To thrive in such a setting, participants have to be mentally and physically fit. “Bikers have to handle the stress of riding, be alert for altitude sickness and hypothermia and adapt to low oxygen levels,” says rider Dr Deepak Chauhan, assistant professor (ear, nose and throat) at Pramukhswami Medical College in Anand, Gujarat. “Altitude sickness is the biggest threat. You have to keep drinking water. Acclimatisation is critical.”
During the journey, one rider suffered from altitude sickness. He was immediately moved to a lower altitude, first to Leh and then to Delhi. (If left unchecked, the symptoms of mild altitude sickness—headache, nausea and vomiting, shortness of breath and increased heart rate—can worsen and become life threatening.)
“Two hundred kilometres in the mountains is equivalent to 600 km in the plains. The ideal riding distance before fatigue sets in and hampers reflexes is 150 km,” says Chauhan. Before the rally, Royal Enfield put every rider through a fitness test which included running for five km, and completing 50 push-ups in a single hour.
Nothing, however, prepares you for the loneliness of riding along stretches of beautiful but sometimes desolate landscape, cocooned in your helmet with only the constant thrum of the Royal Enfield accompanying your thoughts. And sometimes, even the slightest distraction can have terrifying consequences. Two riders learnt that the hard way: One took an uncharted short cut and broke his leg and shoulder. Another lost his balance and dislocated his shoulder. The terrain is such that even the most careful rider will fall. What matters is how quickly you get up and continue. (Every rider had to sign an indemnity bond before the rally.)
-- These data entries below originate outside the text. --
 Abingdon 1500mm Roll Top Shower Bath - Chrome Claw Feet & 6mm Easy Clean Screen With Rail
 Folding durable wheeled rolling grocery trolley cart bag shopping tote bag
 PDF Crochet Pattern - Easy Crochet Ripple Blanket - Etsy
Though the team of 58 seldom rode together—each set his own pace—members looked out for each other. No one overtook or passed by a stationary rider without a thumbs-up signal from him. If a bike broke down, the rider would wait for hours for the service truck to reach him. Often, a fellow biker would pull up and keep him company. “For hours you ride alone in a terrain that is bad and empty. The riders know that there is someone behind them just in case something happens. It is this implicit trust that keeps them going,” says Chavan.
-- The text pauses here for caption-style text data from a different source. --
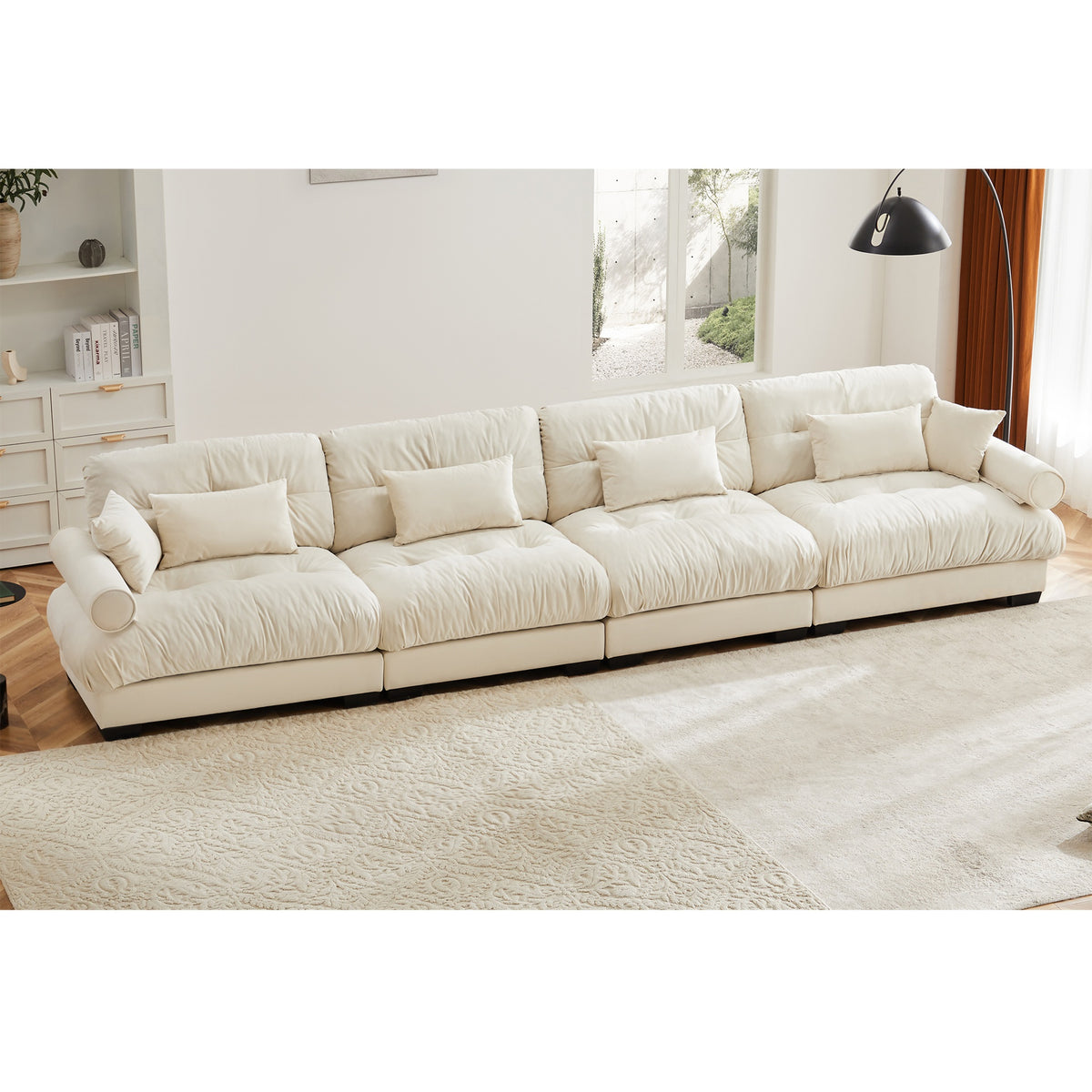 Super Comfort Oversized Modular Velvet Sectional Sofa Couch with Movable Ottoman,Corner Sectional with Bolstered Armrests, Deep Seat Cloud Couch, Convertible L Shaped Couch for Living Room Cream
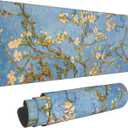 Extended Gaming Mouse Pad with Stitched Edges, Almond Blossom Tree Van Gogh Large Mousepad Long XXL Keyboard and Mouse Pad Desk Mat for Gaming Office & Home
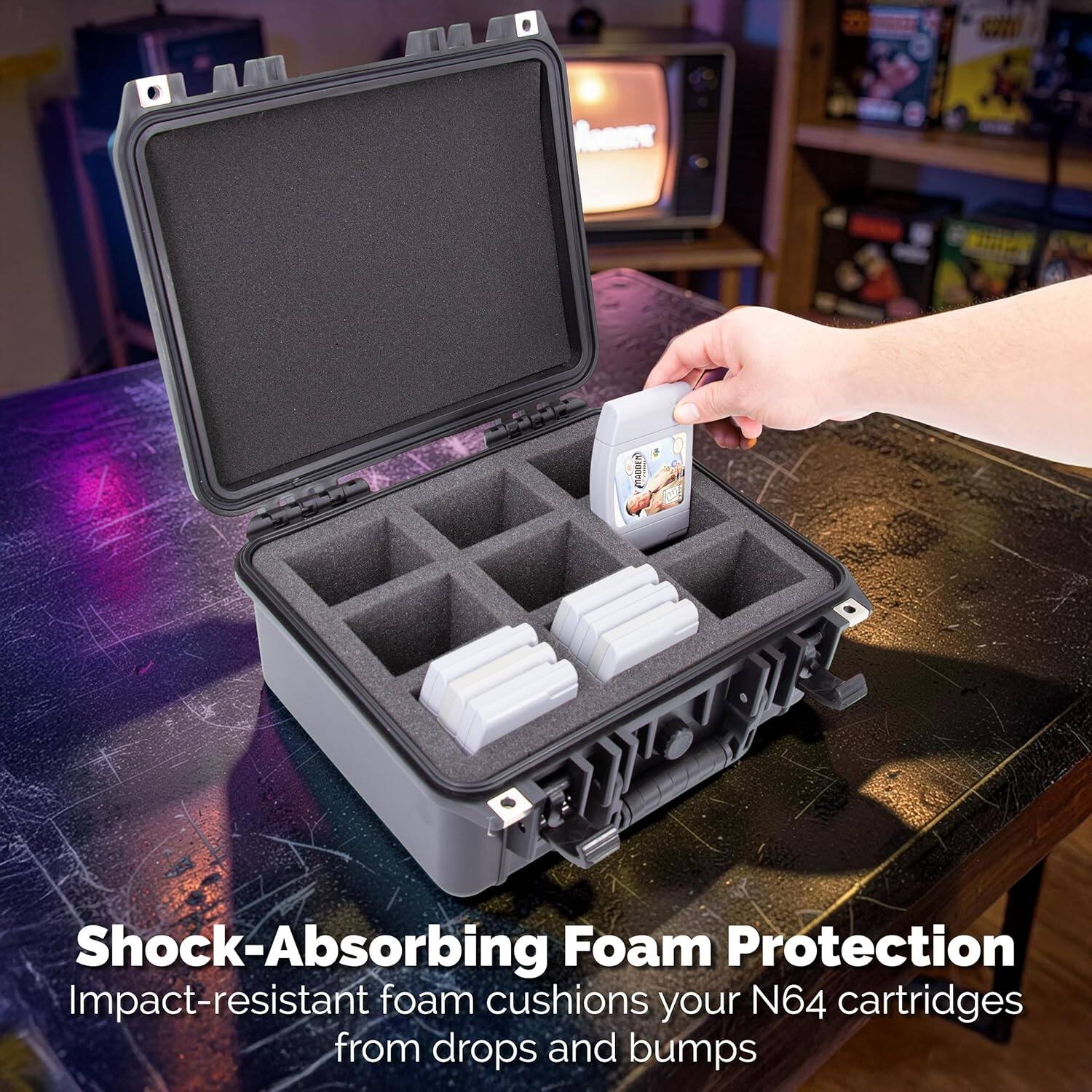 Shock-Absorbing Foam Protection  
Impact-resistant foam cushions your N64 cartridges from drops and bumps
This Odyssey taught Rohit Ojha the virtues of working as a team. “The way everyone came together when there was a difficulty (like a water crossing) was fascinating. They helped each other at the risk of catching hypothermia,” says Ojha, who works as an instrumentation engineer at Cairn Energy’s facility in Barmer, Rajasthan. Completing the Himalayan Odyssey was a dream for the 24-year-old, who had booked a Royal Enfield Classic 350 with his first salary. The ties that bound the man to his set of wheels strengthened with each passing day. “My connection with my bike has only improved and I know it better than ever,” says Ojha. Whenever he stopped to take a picture of the vast Himalayan landscape, he made it a point to include his bike in the frame.
This year’s Odyssey was particularly challenging due to weather-related and man-made disruptions. We lost a few days on account of landslides and another due to a bandh in Leh, called by the local taxi union against the proliferation of outstation taxis. The route had to be altered to factor in such delays. And the ride to Hunder in the Nubra Valley—home to the double humped Bactrian camel and Tso Kar Lake (a majestic salt water lake at 14,860 ft)—was dropped.
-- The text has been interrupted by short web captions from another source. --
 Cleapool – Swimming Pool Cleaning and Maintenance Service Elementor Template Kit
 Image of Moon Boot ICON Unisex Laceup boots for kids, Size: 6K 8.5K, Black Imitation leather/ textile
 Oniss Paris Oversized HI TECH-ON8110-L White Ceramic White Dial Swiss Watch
These disruptions had another effect: Not everyone completed the full 2,280 km. Fatigue and delays forced many to give up the ride and return to Delhi from Leh mid journey. Fifty-eight motorcyclists may have thundered out of Delhi, but only 27 completed the circuit to reach the last stop, Chandigarh.
Did they come back braver?
Well, Kunal Pandit, 32, returned more in love with his girlfriend than ever before. For the very first time in the 12-year-history of the Himalayan Odyssey, Royal Enfield allowed pillion riders. Not the one to miss an opportunity, the area sales manager at Samsung Electronics in Lucknow asked his girlfriend to be his pillion driver. “The ride was difficult with a pillion, but her confidence in me and my respect for her has increased,” says Pandit, one of the 27 to complete the circuit.
So it is then. In the mountains you can find courage, humility and, if you are lucky, even love.